Applaudissez-vous donc, César, d'un si précieux avantage ; jouissez de votre bonheur, de votre gloire, et surtout de la bonté de votre caractère : il n'est pas pour le sage de récompense plus douce, ni de jouissance plus délicieuse. Quand vous vous rappellerez vos actions guerrières, vous aurez à vous féliciter souvent de votre valeur, mais plus souvent encore de votre heureuse fortune : toutes les fois que vous penserez à tant de citoyens qu'il vous a plu de conserver avec vous dans la république, ce souvenir vous retracera sans cesse vos inappréciables bienfaits, votre générosité incroyable, votre sagesse supérieure : ce sont là les plus grands biens, j'ose dire les seuls biens de l'homme.
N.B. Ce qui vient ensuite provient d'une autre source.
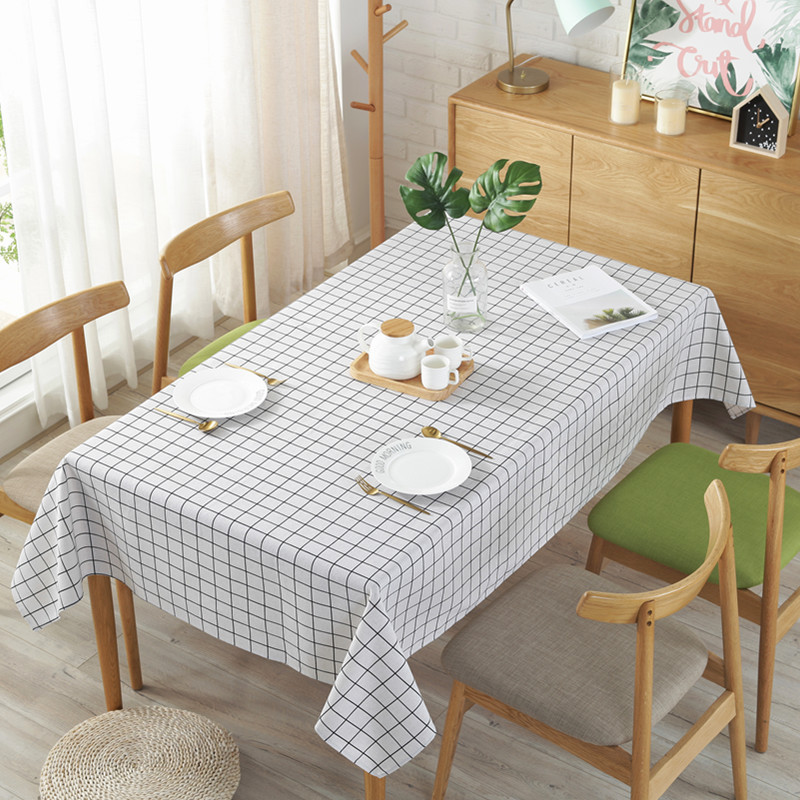 Table Cloth for Home Linen Cot - Desk Setup Wallpaper 评论和价格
Tel est, en effet, l'éclat de la vraie gloire, telle est la majesté de la grandeur d'âme et de la noblesse des sentiments, qu'elles seules paraissent être un don de la vertu ; le reste n'est qu'un prêt de la fortune.

Ainsi ne vous lassez pas de conserver des hommes vertueux, persuadé qu'ils ont failli, non pas entraînés par l'ambition ou par quelque autre passion coupable, mais séduits par une apparence de bien public, par une idée de devoir, mal entendue sans doute, mais qui du moins n'avait rien de criminel. Si quelques-uns ont conçu des craintes, la faute ne peut vous en être imputée : mais que le plus grand nombre, au contraire, ait pensé n'avoir rien à craindre de vous, c'est là votre plus grande gloire.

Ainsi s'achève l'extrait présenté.